◆ Task description
The "this 600×400 image." line through the end of the listing below is what to set down, word for word, and nothing else.

◆ Material supplied
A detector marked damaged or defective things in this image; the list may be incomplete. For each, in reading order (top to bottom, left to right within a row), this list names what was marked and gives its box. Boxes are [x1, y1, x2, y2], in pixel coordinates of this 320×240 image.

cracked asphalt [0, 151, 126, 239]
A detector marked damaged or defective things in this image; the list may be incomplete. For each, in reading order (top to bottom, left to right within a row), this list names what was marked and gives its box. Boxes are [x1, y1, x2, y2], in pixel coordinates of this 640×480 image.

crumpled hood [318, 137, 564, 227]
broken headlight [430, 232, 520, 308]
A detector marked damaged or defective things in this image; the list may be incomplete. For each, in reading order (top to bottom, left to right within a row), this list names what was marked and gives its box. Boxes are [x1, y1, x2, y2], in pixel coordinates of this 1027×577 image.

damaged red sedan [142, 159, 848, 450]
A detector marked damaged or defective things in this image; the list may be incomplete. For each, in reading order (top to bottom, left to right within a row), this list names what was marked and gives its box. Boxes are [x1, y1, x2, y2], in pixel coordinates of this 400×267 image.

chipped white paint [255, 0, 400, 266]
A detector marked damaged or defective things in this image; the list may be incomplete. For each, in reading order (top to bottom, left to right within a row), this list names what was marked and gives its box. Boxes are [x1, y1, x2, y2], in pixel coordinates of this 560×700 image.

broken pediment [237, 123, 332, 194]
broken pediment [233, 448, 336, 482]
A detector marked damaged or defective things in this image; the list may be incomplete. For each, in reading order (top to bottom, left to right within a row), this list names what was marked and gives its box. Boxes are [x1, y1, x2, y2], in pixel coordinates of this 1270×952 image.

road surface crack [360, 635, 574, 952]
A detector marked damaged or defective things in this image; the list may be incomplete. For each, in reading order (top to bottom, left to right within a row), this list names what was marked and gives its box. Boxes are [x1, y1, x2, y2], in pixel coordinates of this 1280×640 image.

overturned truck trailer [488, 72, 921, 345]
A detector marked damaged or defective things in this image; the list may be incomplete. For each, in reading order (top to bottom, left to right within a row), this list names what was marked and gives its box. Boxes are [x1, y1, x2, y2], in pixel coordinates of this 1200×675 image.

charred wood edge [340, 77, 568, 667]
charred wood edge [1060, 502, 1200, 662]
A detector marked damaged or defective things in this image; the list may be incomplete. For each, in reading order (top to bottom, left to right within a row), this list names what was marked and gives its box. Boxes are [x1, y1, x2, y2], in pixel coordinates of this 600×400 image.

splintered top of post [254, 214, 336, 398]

◆ Reply
A detector marked damaged or defective things in this image; the list may be incomplete. For each, in reading order (top to bottom, left to right within a row), this list names what was marked and gives its box. Boxes are [x1, y1, x2, y2], in pixel coordinates of this 600×400 image.

splintered top of post [254, 214, 336, 398]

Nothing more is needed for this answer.